Tony Mastroianni Review Collection
"American Graffiti" captures the times
Cleveland Press September 22, 1973
Graffiti are utterances scribbled on walls in public places. They are the verbal record of a pop culture of any period, a manifestation of a time, the minutiae that sets one period apart from another.
With almost tongue-in-cheek humor the makers of a movie have called their work "American Graffiti" and it is as well named as it is put together.
The period is 1962 -- both a distillation and a culmination of a culture that began in the '50's. It was rock music that still wasn't so far removed from music, of the importance of a car to a teen, for to be without wheels was to be a grounded nobody. Mecca was the drive-in, and a car got you there and back. And you communicated from the open window of one auto through the open window of another.
This is the junk art out of which director and co-author George Lewis has put together his movie, carefully distilling and assembling his matter in a process that turns it into art and not just junk.
The time is a single evening, the people four young men and the girls in their lives. It is the night of the sock hop at school, the night before some will be off for college, or the Army, or a job.
For only a few will 1962 be nostalgic, and nostalgia isn't enough for a play or movie. There must be something universal and Lewis has captured it.

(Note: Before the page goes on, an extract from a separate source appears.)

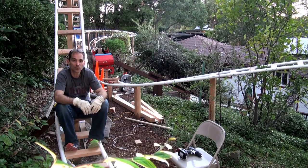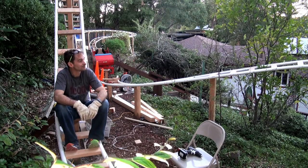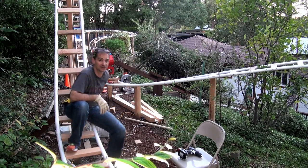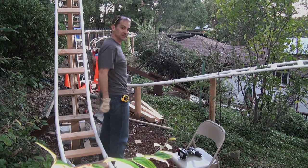We're going to stiffen the track up tomorrow by putting those stringers in between things, and then I think we'll be ready to do a test run. We'll throw a couple of bags of sand inside the cart and run the cart around the track and see what happens. But for now, I am really hungry and really tired, so I mean it this time — I'm done. See you next time.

That moment that marks the end of one period in a person's life and the beginning of another is universal at any time. Lewis has captured it perfectly -- the uneasiness, the slight fear, the grasping at friendships you know but won't admit will end.
The characters are unlikely comrades, the kind of comradeship that comes with similarities in age and going to the same school, but which won't endure as each seeks his own place in life.
But "American Graffiti" is not serious. It is a comedy, a comedy made better by dealing with its characters in terms of heightened reality.
Richard Dreyfuss is the intellectual of the bunch, the observer, the one without ties, the character whose path cuts across the others. He's the one who just doesn't know what he will do, who has dreams whose vision of heaven is the sight of a blond in a Thunderbird.
Ronny Howard is last year's class president going with next year's cheerleader. Tomorrow he will be off for the Army and tonight there seems to be nothing but friction between him and his girl.
Paul Le Mat is the top drag racer, always challenged, always winning, but beginning to wonder if maybe he isn't getting a little old for all this.
Charlie Martin Smith is the young one, minus wheels and suddenly acquiring them, longing to be bigger and older and tougher than he is.
Candy Clark is the girl he picks up, a swinger and typical of every dumb blond in the movies.
Unifying it all is a soundtrack with the music of the period. Its logic for being there is the radio that blares out of every car.
Unlike the nostalgic trappings of Peter ("Last Picture Show") Bogdonavich, the old music doesn't call attention to itself. It is simply there, an integral part, a thread.
For life in any period is tunes, sayings, trappings and occasionally a minor crisis, and this is what "American Graffiti" captures.